03. How It Works
Diffusion: the core idea
A diffusion model is trained on a dataset of real images. During training, the model learns to reverse a noise-adding process. The forward process takes a real image and adds Gaussian noise in small increments over many steps, until the image becomes pure random noise. The model is trained to predict and undo each noise increment.
Once trained, generation is the reverse: start with pure random noise, run the denoising process step by step, and a coherent image emerges.
Latent diffusion (how Stable Diffusion and Flux work)
Running diffusion directly on full-resolution pixel arrays is computationally expensive. Latent diffusion models (LDMs) solve this by compressing images into a smaller latent space first.
The pipeline has three components:
-
VAE (Variational Autoencoder):
Encodes a 512x512 RGB image (shape: 3, 512, 512) into a compressed latent representation (shape: 4, 64, 64). The decoder reverses this to produce the final image.
-
U-Net (or Diffusion Transformer):
The denoising network. It receives the noisy latent, a timestep embedding indicating how noisy the current state is, and a conditioning embedding from the text prompt. It predicts the noise to remove. Early LDMs used a U-Net with ResNet blocks and cross-attention. Newer models (Flux, Stable Diffusion 3) use Diffusion Transformers (DiTs), replacing the U-Net with a transformer architecture that scales better.
-
Text encoder (CLIP or T5):
The text prompt is tokenized and encoded into a dense embedding. Cross-attention in the U-Net/DiT allows the denoising network to "steer" toward image content matching the prompt.
The scheduler controls how many denoising steps are taken and how noise is scaled at each step. Fewer steps is faster but lower quality. Common schedulers include DDPM, DDIM, and DPM++.

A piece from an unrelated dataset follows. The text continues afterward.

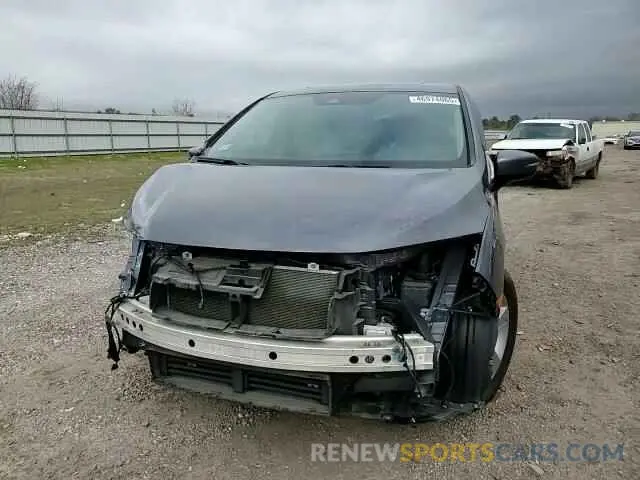 10 Photograph of a damaged car 5FNRL6H77LB053111 HONDA All Models 2020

From U-Net to Diffusion Transformer
The architectural history matters for understanding current models. Early Stable Diffusion versions (1.x, 2.x) used U-Nets. By 2023-2024, the field shifted toward DiTs (Diffusion Transformers), which treat image patches as tokens and process them with standard transformer self-attention. Stable Diffusion 3, Flux, and most 2025-2026 models use DiT architectures. They scale more predictably with compute and produce better coherence at high resolution.
Autoregressive image generation
An alternative approach, gaining strength in 2026: treat image generation like text generation. Encode the image into discrete tokens using a VQ-VAE or similar tokenizer, then train a transformer to predict the next image token autoregressively, conditioned on the text prompt.

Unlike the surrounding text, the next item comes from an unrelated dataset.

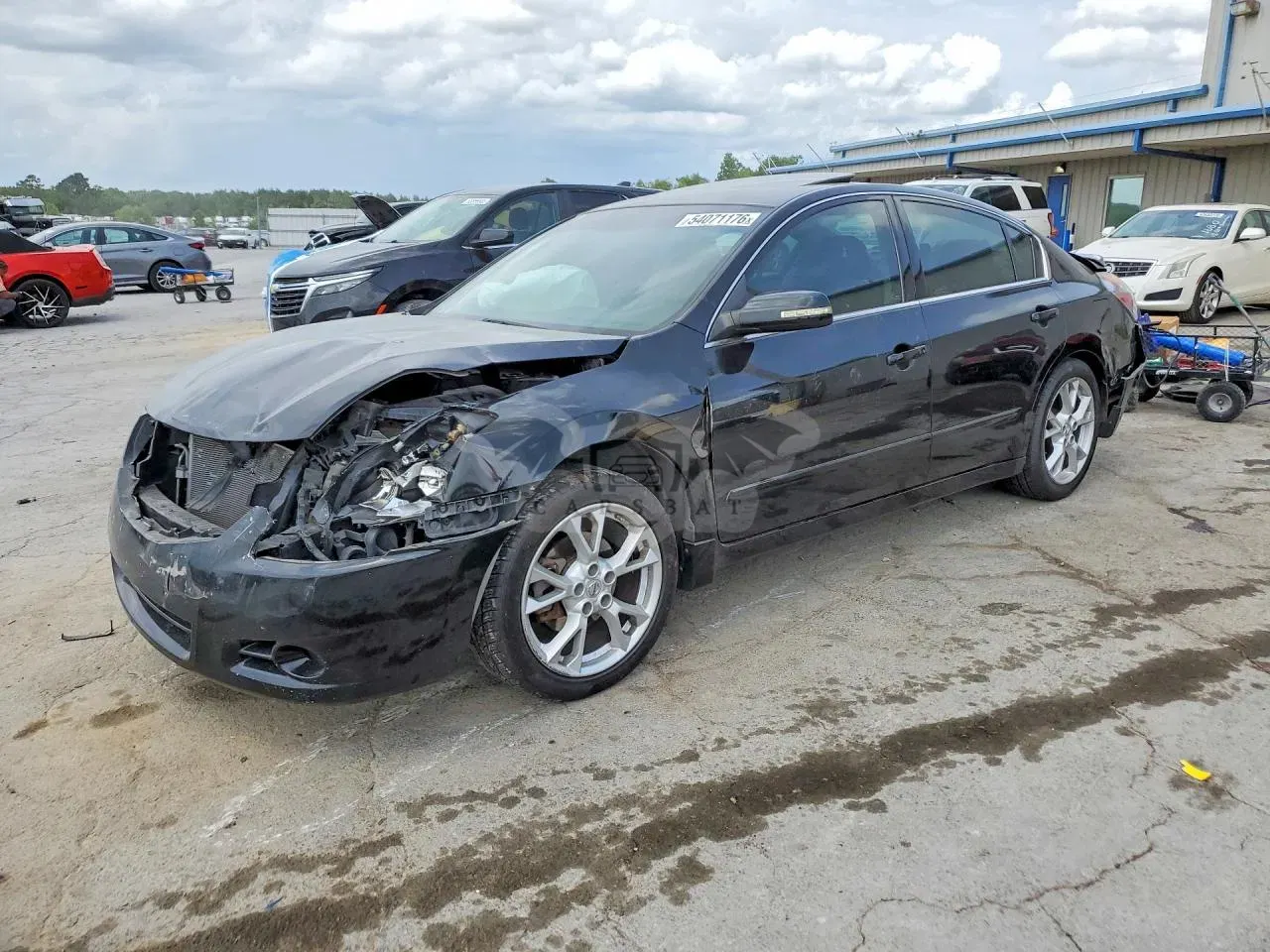 Nissan Altima 2.5L 4 2012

Key differences from diffusion:
- Autoregressive models are stronger at following complex, structured prompts and retaining world knowledge during generation, because they share architecture with LLMs.
- Diffusion models have better-established tooling and community support.
- A 2B autoregressive model with beam search can surpass a 12B Flux model in prompt fidelity while using fewer compute operations.
- Hybrid models use an autoregressive backbone for global layout and a diffusion decoder for fine detail (e.g., GLM-Image).
GPT Image 2 uses an autoregressive approach under the hood, which explains its notably better text rendering and instruction following compared to diffusion-based competitors.
Video generation
The same diffusion and transformer principles extend to video. Video diffusion models denoise across both spatial and temporal dimensions, producing sequences of frames that are visually consistent over time. Notable tools in 2026 include OpenAI Sora (video), Runway Gen-3, and Kling. Gemini's native video understanding is separate from video generation.